The input:
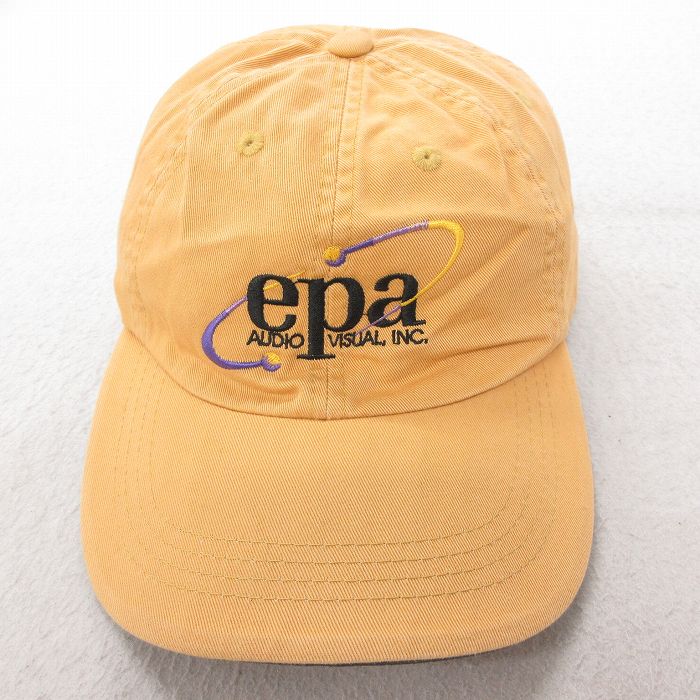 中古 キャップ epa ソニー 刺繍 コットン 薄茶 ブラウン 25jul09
==
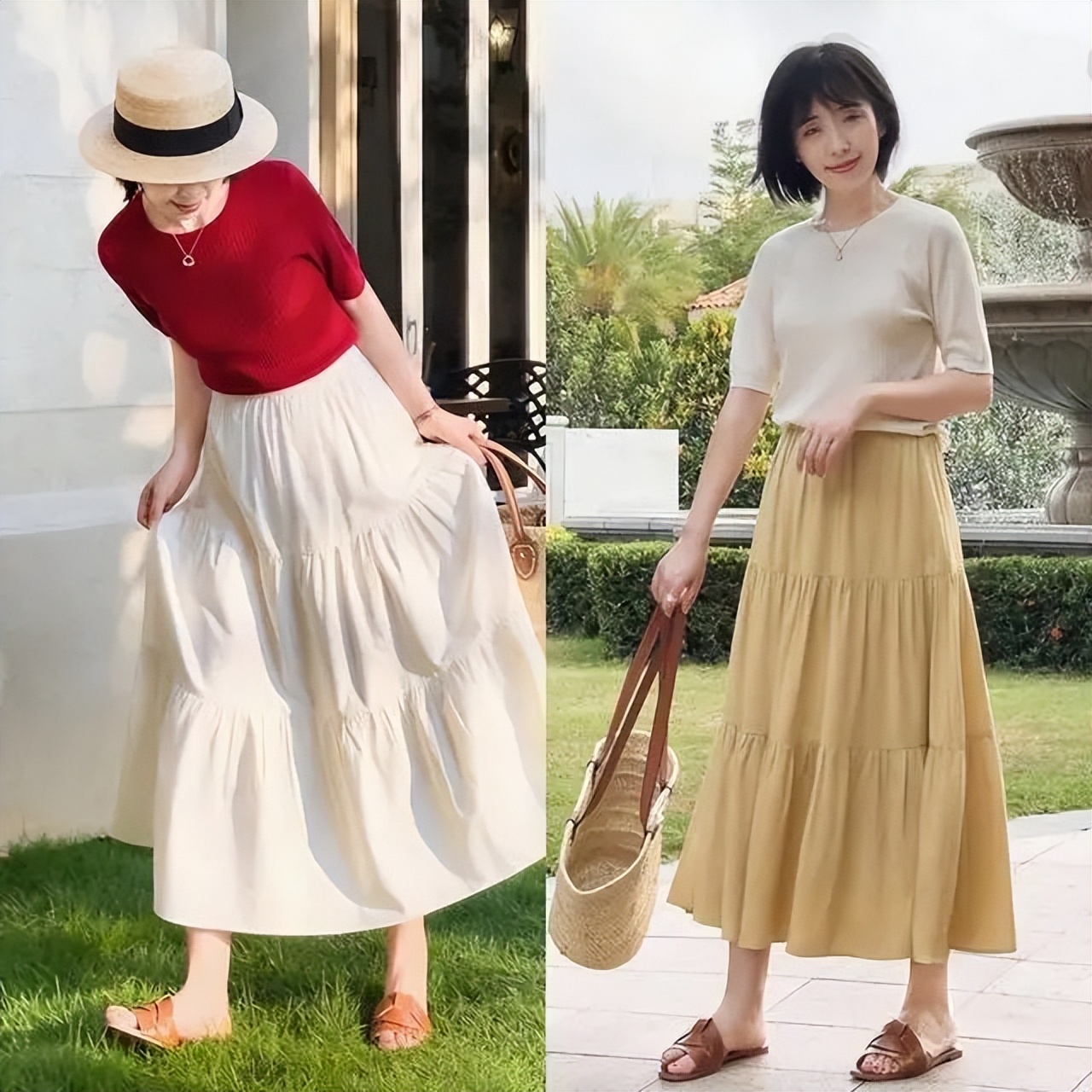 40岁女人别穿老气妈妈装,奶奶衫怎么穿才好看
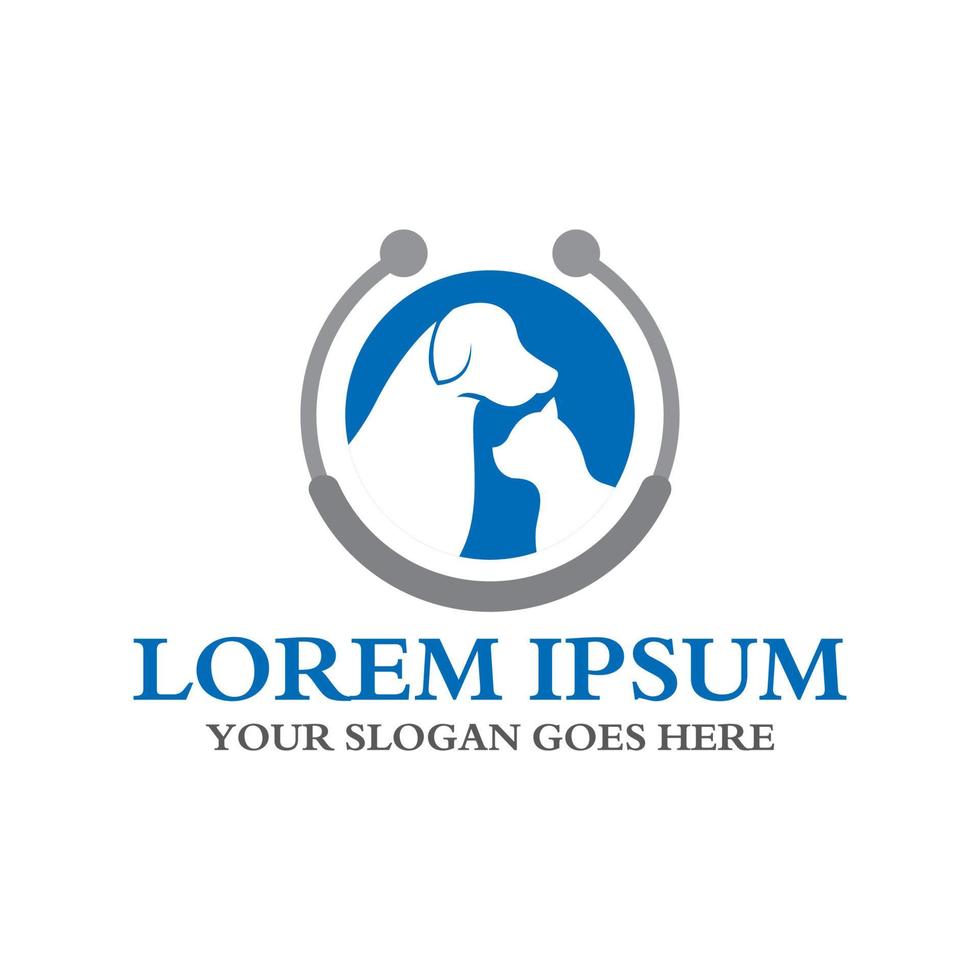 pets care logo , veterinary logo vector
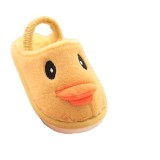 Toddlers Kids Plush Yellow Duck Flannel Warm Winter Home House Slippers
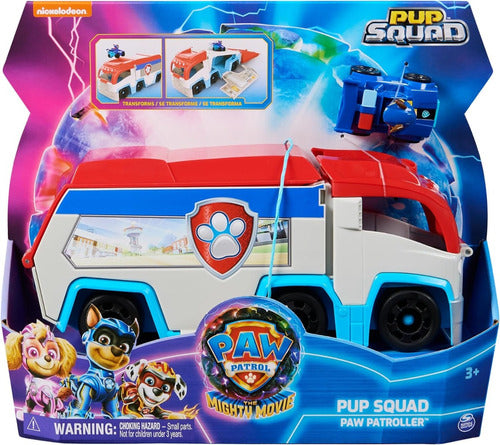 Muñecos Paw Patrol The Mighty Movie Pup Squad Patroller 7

What the task asks:
Having found the line with "40岁女人别穿老气妈妈装,奶奶衫怎么穿才好看" and the line with "Muñecos Paw Patrol" in the material above, write out exactly those two and every line between, leaving the pictures out.

Answer to this task:
 40岁女人别穿老气妈妈装,奶奶衫怎么穿才好看
 pets care logo , veterinary logo vector
 Toddlers Kids Plush Yellow Duck Flannel Warm Winter Home House Slippers
 Muñecos Paw Patrol The Mighty Movie Pup Squad Patroller 7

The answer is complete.